**Records for processing**
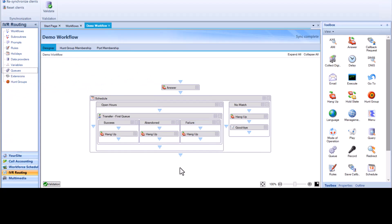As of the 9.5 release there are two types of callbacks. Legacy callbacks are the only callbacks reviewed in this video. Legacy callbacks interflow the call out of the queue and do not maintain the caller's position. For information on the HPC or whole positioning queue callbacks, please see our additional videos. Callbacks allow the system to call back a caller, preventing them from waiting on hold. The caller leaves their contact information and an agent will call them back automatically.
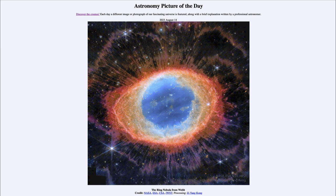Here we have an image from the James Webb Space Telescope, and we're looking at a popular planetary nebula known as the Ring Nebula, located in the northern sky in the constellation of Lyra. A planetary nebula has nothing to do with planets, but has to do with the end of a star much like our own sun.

...

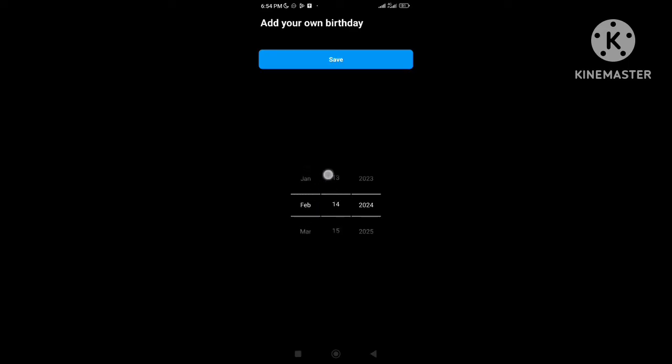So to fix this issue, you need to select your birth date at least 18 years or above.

**Exercise**
Please return the data above exactly as it stands from the line with "As of the 9.5" to the line with "Here we have", keeping both of those lines but none of the pictures.

**Task answer**
As of the 9.5 release there are two types of callbacks. Legacy callbacks are the only callbacks reviewed in this video. Legacy callbacks interflow the call out of the queue and do not maintain the caller's position. For information on the HPC or whole positioning queue callbacks, please see our additional videos. Callbacks allow the system to call back a caller, preventing them from waiting on hold. The caller leaves their contact information and an agent will call them back automatically.
Here we have an image from the James Webb Space Telescope, and we're looking at a popular planetary nebula known as the Ring Nebula, located in the northern sky in the constellation of Lyra. A planetary nebula has nothing to do with planets, but has to do with the end of a star much like our own sun.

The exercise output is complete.